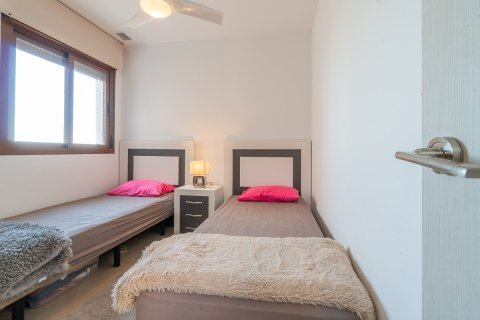 Apartament w Alicante, Hiszpania 2 sypialnie, 73 mkw. nr 161071 – zdjęcie 12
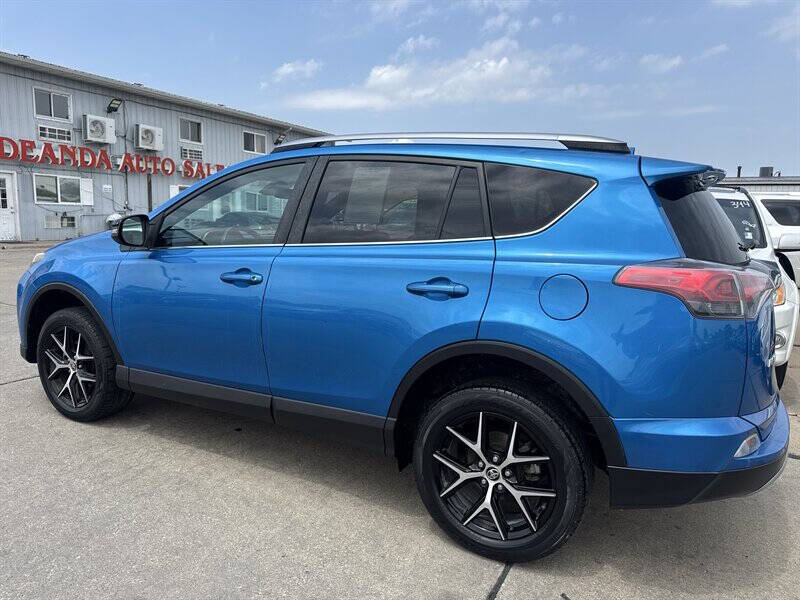 2017 Toyota RAV4 SE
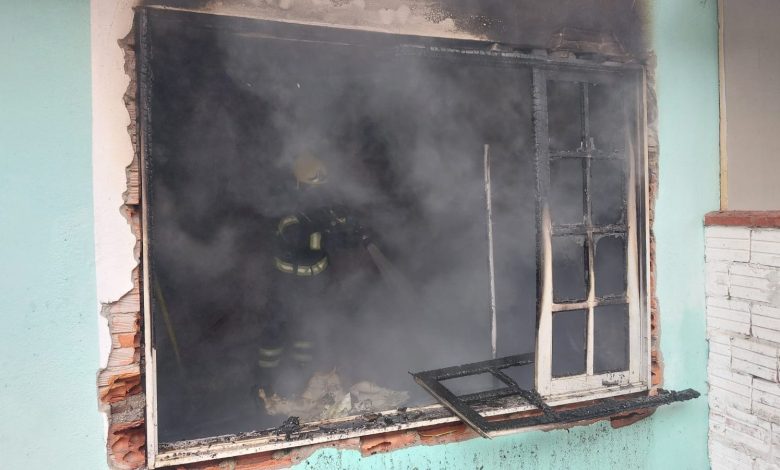 Fogo consome quarto em casa dividida entre ex-casal e mobiliza bombeiros em Blumenau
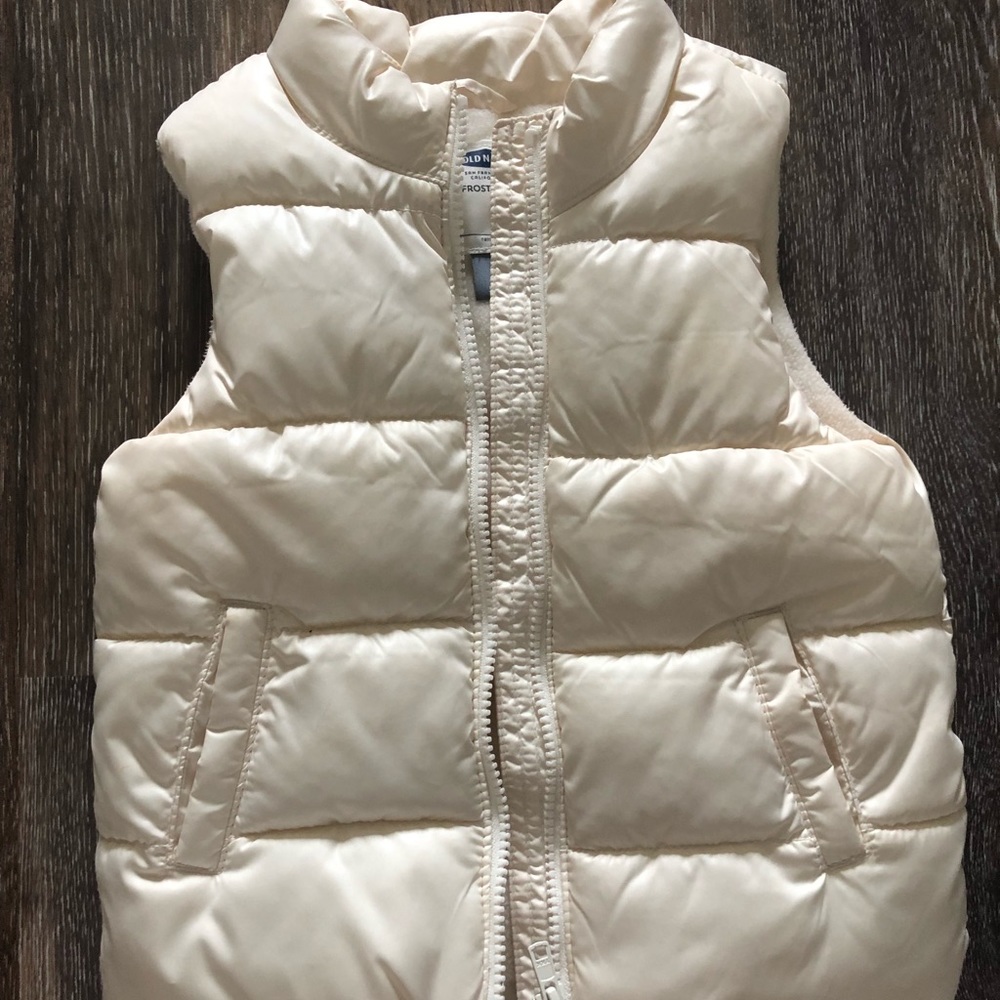 Girls Old Navy Cream Puffy Vest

§ **Task prompt**:
Copy the material above in full and exactly, skipping pictures.

§ **Written solution**:
 Apartament w Alicante, Hiszpania 2 sypialnie, 73 mkw. nr 161071 – zdjęcie 12
 2017 Toyota RAV4 SE
 Fogo consome quarto em casa dividida entre ex-casal e mobiliza bombeiros em Blumenau
 Girls Old Navy Cream Puffy Vest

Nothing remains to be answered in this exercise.